LOUISVILLE, KY (WAVE) - A Robert Bellarmine book and a group of binders sit on Dr. Susan Donovan's desk next to a small sword that appears to double as a letter opener.
She's Bellarmine University's first new president since Dr. Joseph McGowan took over more than 25 years ago.
"The mission just aligned with my values," Donovan said.
More notably, she's the school's first female president.
"It's great that Bellarmine was open to that." Donovan said. "You see role models for students, and you want them to have men and women mentors."
Before Bellarmine, Donovan spent more than 30 years at Loyola-Maryland and has spent a lifetime in Jesuit education.
"What you see when you interview now is real and palpable and that's great," Donovan said.
In less than a month on the job, Donovan has spent her time reading up on the school and getting to know major players throughout the city.
"I look forward to the time when the campus is filled," she said. "Bellarmine has been particularly nimble to the needs of Louisville and really the needs of society."
Under McGowan, Bellarmine exploded in enrollment, budget and size, more than doubling its endowment and increasing from 19 buildings to 57.
"It's almost based on sort of making bold decisions toward growth and response," Donovan said. "That's a great place to be at."
Donovan doesn't plan to stop that growth, but manage it.
"You can't be everything for everyone," she said. "You have to focus."
The school is working on adding a handful of new programs in education, healthcare and other areas. They're currently being reviewed by the accrediting board. While Donovan didn't say she'd cut any current programs, she wants to be selective.

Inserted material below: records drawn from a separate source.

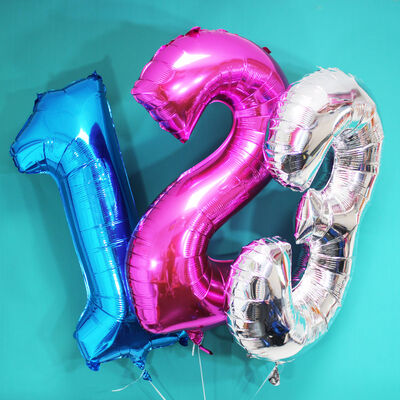 34 Inch Silver Number 3 Helium Balloon image number 3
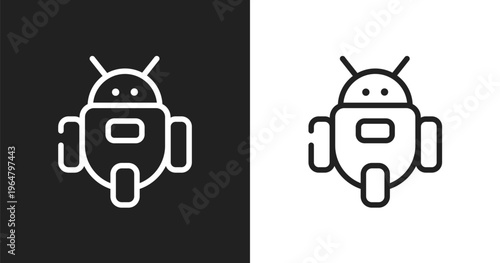Droid icon. Linear black, white icon from science collection. Outline droid vector. Thin line symbol isolated on white and black background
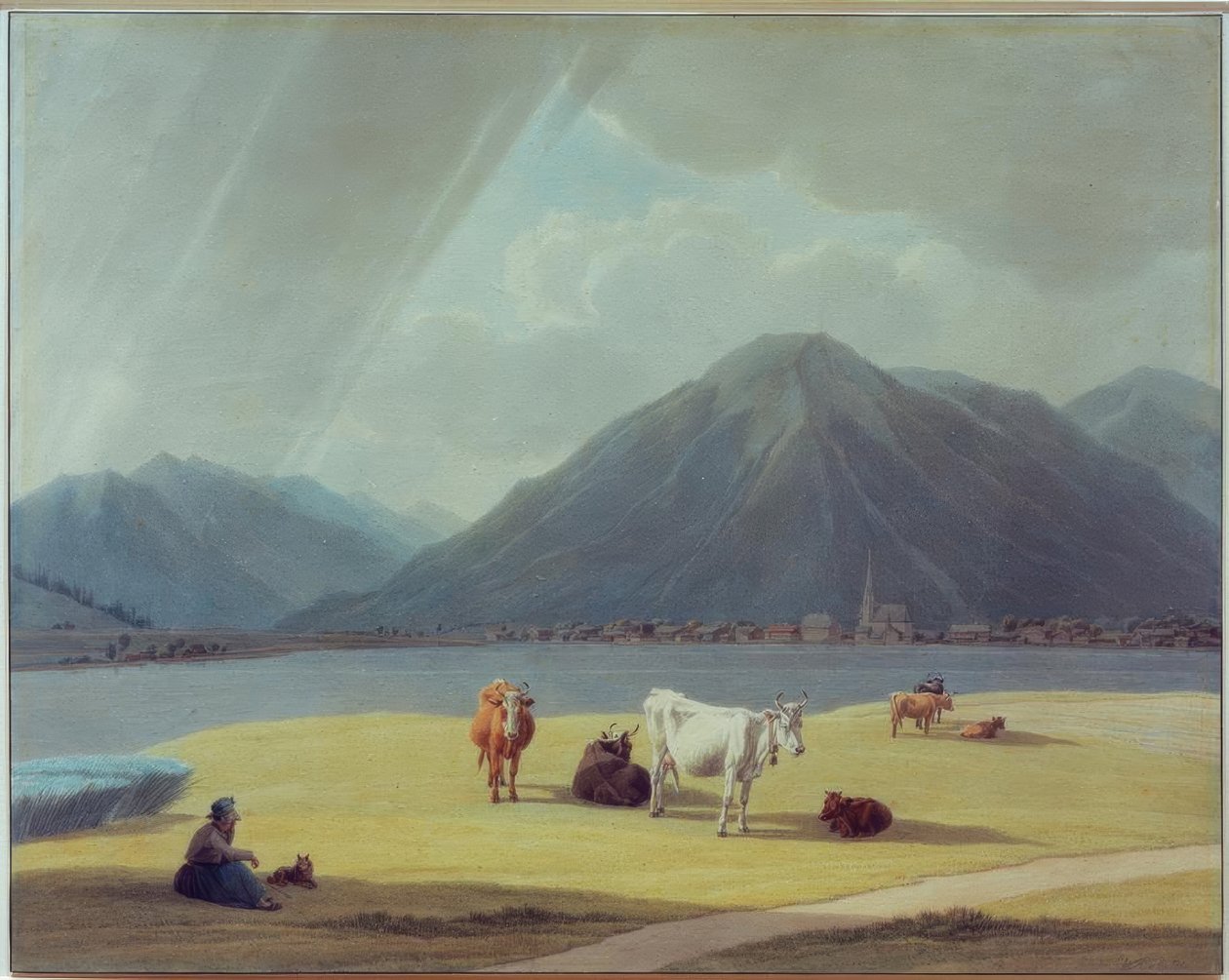 Farmářova žena s dobytkem před Rottach-Egern od Wilhelm von Kobell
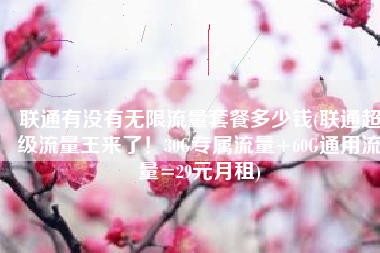 联通有没有无限流量套餐多少钱(联通超级流量王来了！30G专属流量+60G通用流量=29元月租)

"I think we will certainly look at programs that have small enrollments," she said. "While our grad programs are flourishing, you always have to look at what are the programs that aren't."
Outside of programs, Donovan said she sees at least one change she's ready to adopt.
"One of the things I can tell from the beginning that I would like to work on is a greater sense of shared governance," she said. "That's something important."
She views Bellarmine University as a leader for both skill development and morals.
"We need to be an anchor of good here in this city," Donovan said.
It's a role and responsibility she's been waiting on.
"I feel as though I'm ready for this," Donovan said.